Ministry of Social Development and Family

Agency overview
- Formed: 2021
- Jurisdiction: Qatar
- Headquarters: Doha
- Agency executive: Buthaina bint Ali al-Jabr al-Nuaimi, Minister of Social Development and Family;
- Website: https://msdf.gov.qa/en

= Ministry of Social Development and Family (Qatar) =

Government ministry of Qatar

Ministry of Social Development and Family was created in 2021, after it was separated from the Ministry of Labor.
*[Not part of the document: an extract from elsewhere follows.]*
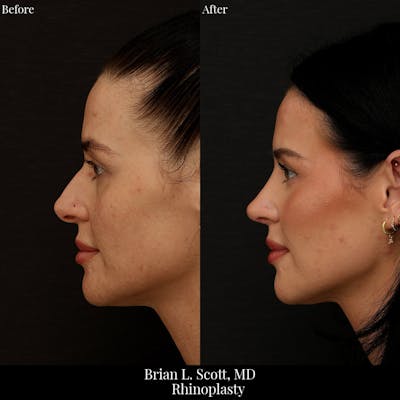 Rhinoplasty Before & After Gallery - Patient 279410 - Image 1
The current minister is Buthaina bint Ali al-Jabr al-Nuaimi.

== Ministry tasks ==

- Propose and implement national strategies, plans and policies related to the care of the family and its members.
- Raising community awareness for the importance of protecting the family and family cohesion.
- Supervising the organization of the charitable works sector.
- Providing social security services to eligible beneficiaries.
- Registration and publication of private associations and institutions and control over them.
- Propose and implement policies related to housing and follow up their implementation.
- Collecting and analyzing data and statistics related to the family and benefiting from them in the relevant programs, plans and policies, in coordination with the concerned governmental and private agencies.
- Preparing and implementing programs and related services for all categories of beneficiaries of social security services.